Why do I get a 5 output. Does a temporary object still exist on line #2?
Dereferencing a reference which is not bound to a living object is undefined behavior, so you may get 5 as well as 42 as well as anything else (including a crash). You simply cannot have any expectation on a program that has undefined behavior.
How can I interpret the standard quote to figure out how this example works?
Pretty much like you did already.The temporary gets bound to the function parameter fooRef, which gets destroyed when returning from the function. Since that temporary is bound to the returned value, that object ceases to exist when the function returns. Later on, you are dereferencing a dangling reference, which gives you UB.
It means until the closing brace, i.e. }.
You invoked UB, you have a dangling reference.
Try the following modification of your code and see what it prints. It probably will print 6 because that is what was last on the stack. Or try passing a std::string instead, you might get a crash.
int main (void)
{
const int& numberRef = foo(5);
foo(6);
std::cout << numberRef;
return 0;
}
Related
In the following example:
http://coliru.stacked-crooked.com/a/7a1df22bb73f6030
struct D{
int i;
auto test2(int&& j){
return [&](){ // captured by reference!
cout << i*(j);
};
}
};
int main()
{
D d{10};
{
auto fn = d.test2(10);
fn(); // 1. wrong result here
d.test2(10)(); // 2. but ok here
}
}
Why does d.test2(10)(); work?
Should it really work, or thats just my undefined behavior equals correct result?

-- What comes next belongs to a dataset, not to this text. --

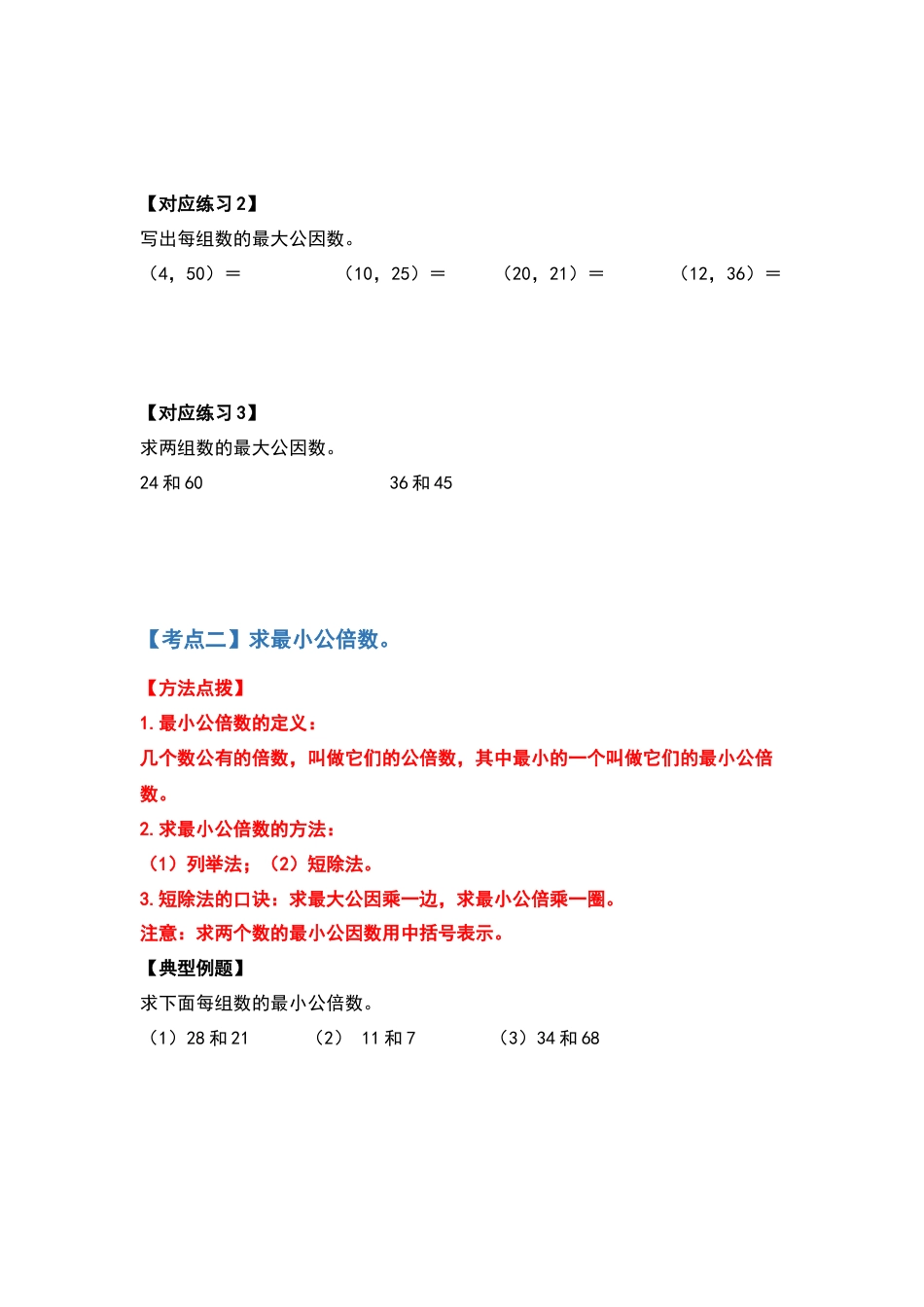 五年级数学下册典型例题系列之第四单元最大公因数与最小公倍数部分（原卷版）人教版.docx_第3页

P.S. After reading this I see only one explanation: in (2) temporary lifetime prolongs till the end of the expression, and call happens in the same expression with && crteation; while (1) actually consists from 2 expressions:
a temporary bound to a reference parameter in a function call exists
until the end of the full expression containing that function call: if
the function returns a reference, which outlives the full expression,
it becomes a dangling reference.
Is this the case?
A temporary object lasts until the end of the line (well, full expression) where it is created, unless the lifetime is extended.
Your code does not extend the lifetimes of any temporaries. Lifetime extension through binding to references does not "commute", only the first binding extends lifetime.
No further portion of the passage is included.